Touching on his love for classical music, he said: “It takes you places that nothing else can. I think no other artform can take you to places music takes you. It can make you excited, it can make you feel very positive, it can make you feel very emotional and sad, almost tearful. It just has this ability to draw out of you emotions that might not come to the surface.
“They say on RTÉ Lyric FM ‘Where life sounds better’ because the music is taking you away from what may be concerning you.”
Singer-songwriter Lisa O’Neill from Cavan was Tiernan’s final guest of the night, fresh from her recent concert with the National Symphony Orchestra at the National Concert Hall.
“I couldn’t even say it was a dream come true because I wouldn’t have dreamed that far,” she said.
“But to hear your songs realised in that way… I have the imposter syndrome about songwriting and music and I still go through phases where I think they’re not really songs, they’re just musical notions.
“I don’t read music. Someone else wrote the score for me, a great man called Terry Edwards wrote the score for that. But to hear the National Symphony Orchestra take them off, it did feel like my songs went to heaven and back.”
She said that she loves work, nearly too much sometimes, and said the flow is there but that she is frustrated sometimes when she is busy as she can’t always entertain the flow.
“I like to pack up and go somewhere really, really beautiful and serene by the sea, somewhere in nature and bring all my instruments and little things that make me feel good, certain lights and things like that… scents and oils and stuff and nice food and I’d go there and go in deep for a couple of weeks. It’s a bit like time travelling, I wrote the thoughts down,” she said.
“I feel very lucky. I love singing. Maybe that’s why I love being alone because I feel like there’s a few of me.” She said that when the songs come through she wonders ‘where did you get that from?’ and spoke about how it sometimes felt like it doesn’t come from her.

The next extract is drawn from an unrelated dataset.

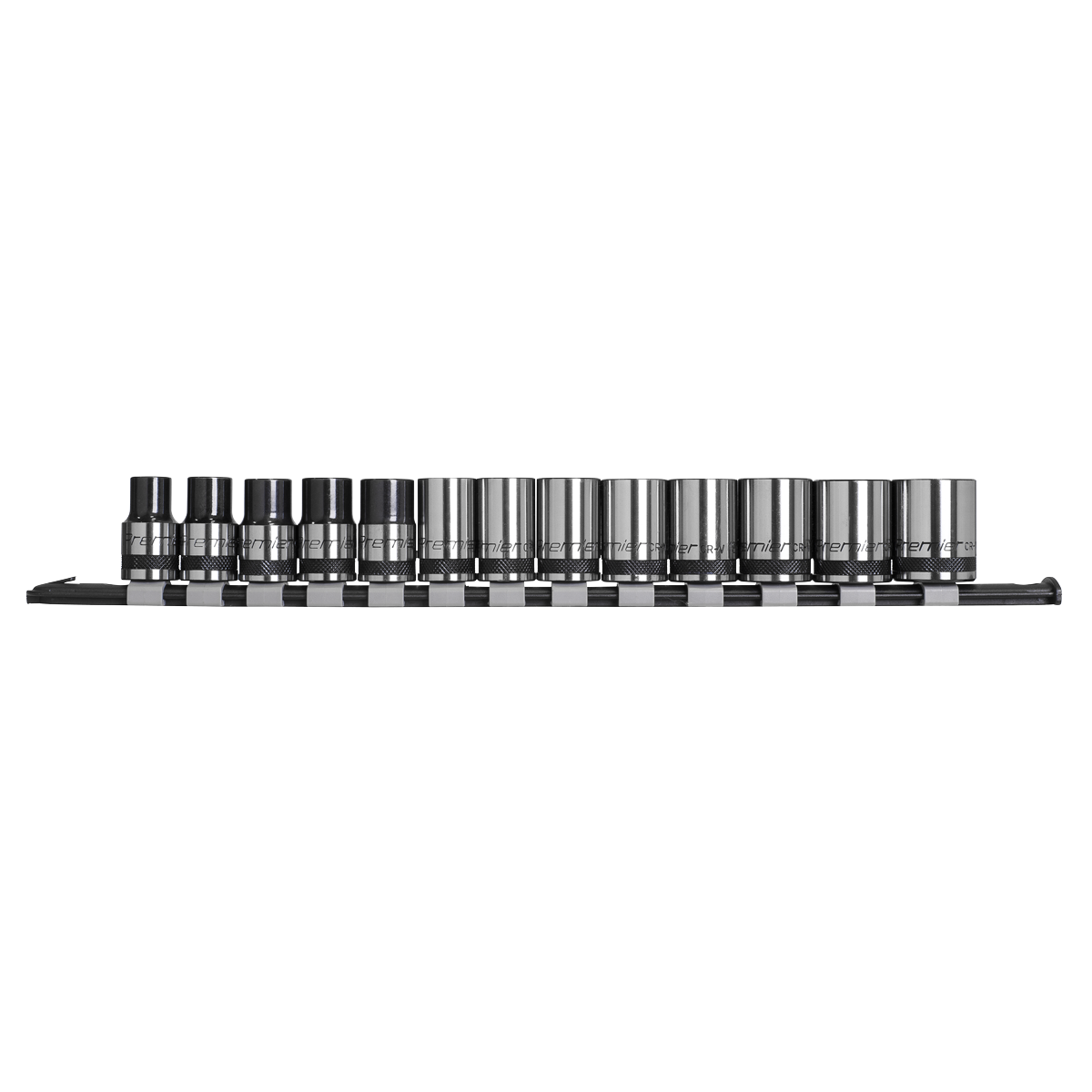 Sealey AK7994 Premier Black Socket Set 1/2"Sq Drive 13pc - additional view 2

“It’s mysterious. Art is a wonderful thing to have in your life. It’s a lifeline,” she said.
Touching on death and what it means to her she said: “I’ve lived a really lovely life and God forbid, but if something did happen in the next few weeks, if I had that moment of ‘this is it’ I would be like… ‘Wow, what a journey’.”
Closing out the show, O’Neill performed her song Homeless in the Thousands which explores poverty in Dublin in the digital age.